POSITIONS 05 March 2018

Eight EU associations and NGOs call for EU legislation on Unfair Trading Practices

Together with seven associations and NGOs from the food supply chain, AIM calls on the European Commission to propose legislation to combat unfair trading practices in Europe. The letter signed by the European Brands Association AIM, the European Council of Young Farmers Ceja, the Liaison Centre for the Meat Processing Industry in the EU CLITRAVI, Copa-Cogeca representing European Farmers & European Agri-Cooperatives, the European Federation of Food, Agriculture and Tourism Trade Unions EFFAT, the Fair Trade Advocacy Office FTAO, FoodDrinkEurope and Oxfam International emphasises the need for the EU to establish a fair, transparent, equitable and sustainable food supply chain that can benefit all its actors. Now is the time to act in order to protect the economic, social and environmental sustainability of the food supply chain and consequently strengthening Europe’s competitiveness and growth to build a stronger and more inclusive Europe.

According to regular surveys conducted since 2011, AIM members, large and small, are seeing an increasing trend of unfair trading practices in the supply chain among commercial partners. The latest AIM survey reveals that 97% of companies were exposed to at least one UTP in 2016 – a situation that clearly identifies UTPs as a major issue for European brand manufacturers, whatever their size. This is contrary to the principles of good faith and fair dealing, and has detrimental effects on European competitiveness with more resources tied up in dealing with unfair practices, and consequently less time and resources being available for innovation, investment and creating value for the consumer.

In this context, one of the priority of the European Commission should be to address the practices of European Retail Alliances.
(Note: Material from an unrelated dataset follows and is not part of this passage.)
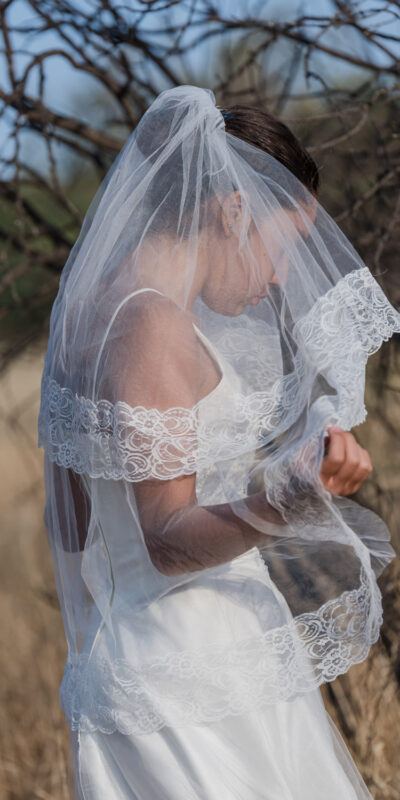 Velo corto con capa para novia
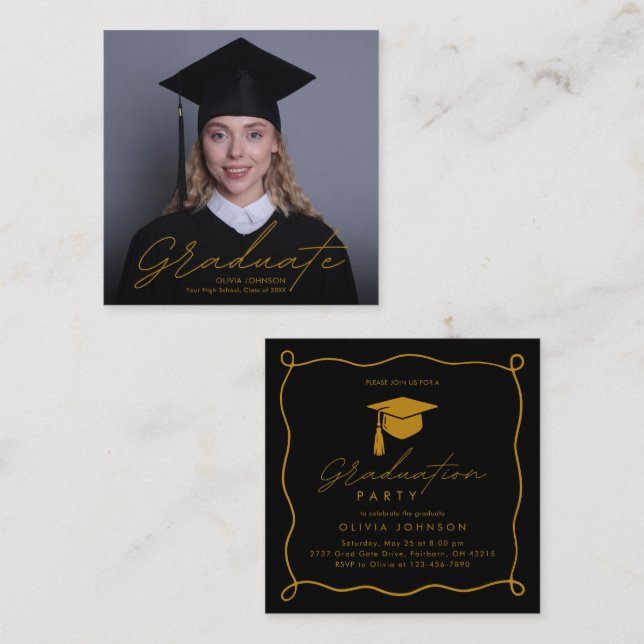 Elegant Mini Photo Graduation Party Enclosure Card (Front/Back)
Since the report of the European Commission on unfair trading practices was published in January 2016, a major transformation has happened on the market with an increasingly negative impact of European Retail Alliances:

  • The size of the European Retail Alliances, composed of the largest European retailers, gives them a bargaining power that jeopardizes the contractual freedom of the other party and its ability to refuse unfair conditions.
  • According to a recent AIM survey, 69% of abuses reported by AIM members came from European Retail Alliances.
  • Some national authorities like DGCCRF in France recently raised concerns on these alliances, which could be a way to circumvent national rules.
  • In addition, the European Parliament called the European Commission to pay more attention to the impact of these alliances.
  • Despite numerous requests, none of the European Retail Alliances has registered to the Supply Chain Initiative – together for good trading practices.
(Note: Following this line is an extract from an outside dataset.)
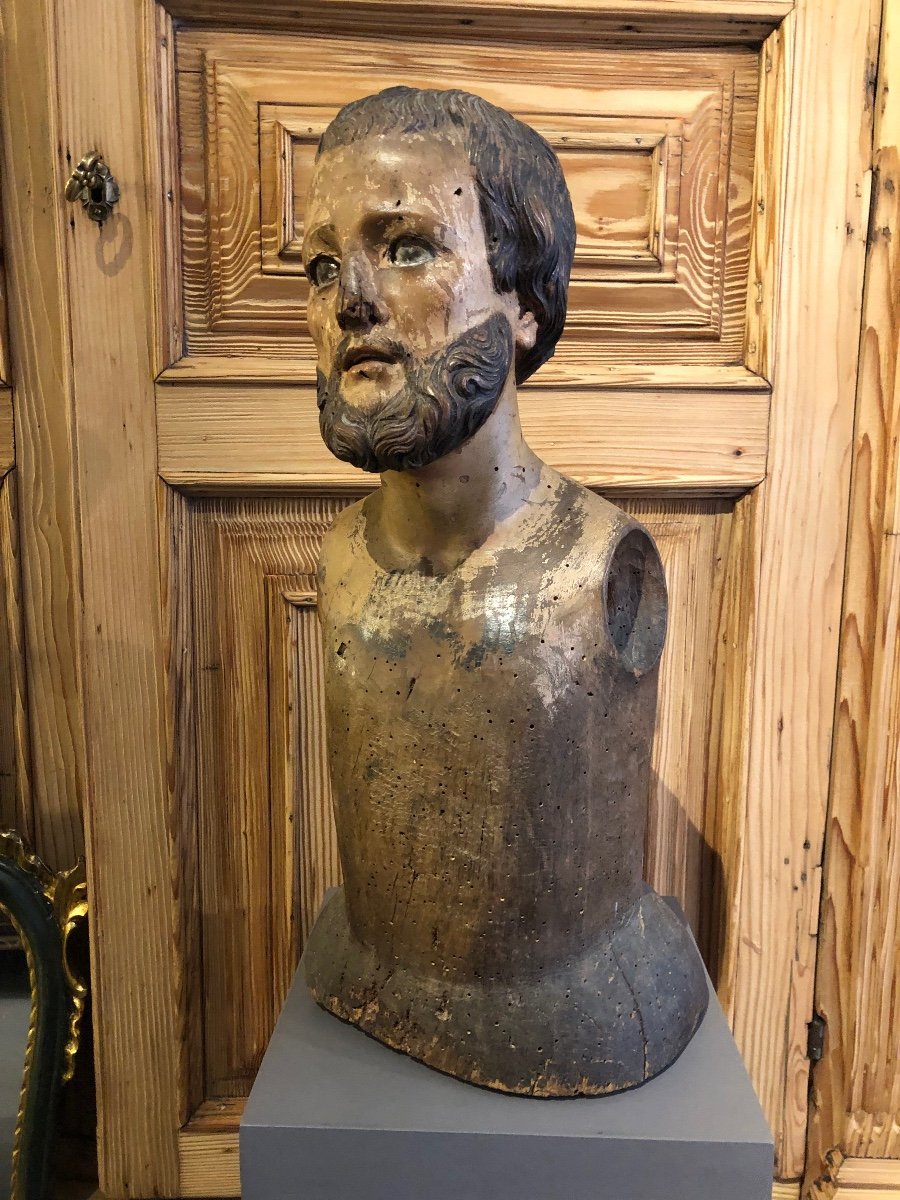 Ancienne Sculpture Bust En Bois Peint -photo-2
Therefore, AIM urges the European Commission to propose legislation that addresses unfair trading practices in the supply chain.

An EU legislative framework is needed to:

  • provide a harmonised basic framework setting up minimum standards for practices and enforcement.
  • cover all grocery products and operators.
  • not undermine the collaboration between suppliers and purchasers looking for fair relationships.
  • address UTPs of European Retail Alliances that have by nature a transnational scope and impact.
  • be based on the list of manifestly unfair trading practices unanimously agreed by representatives of the entire food chain in 2011.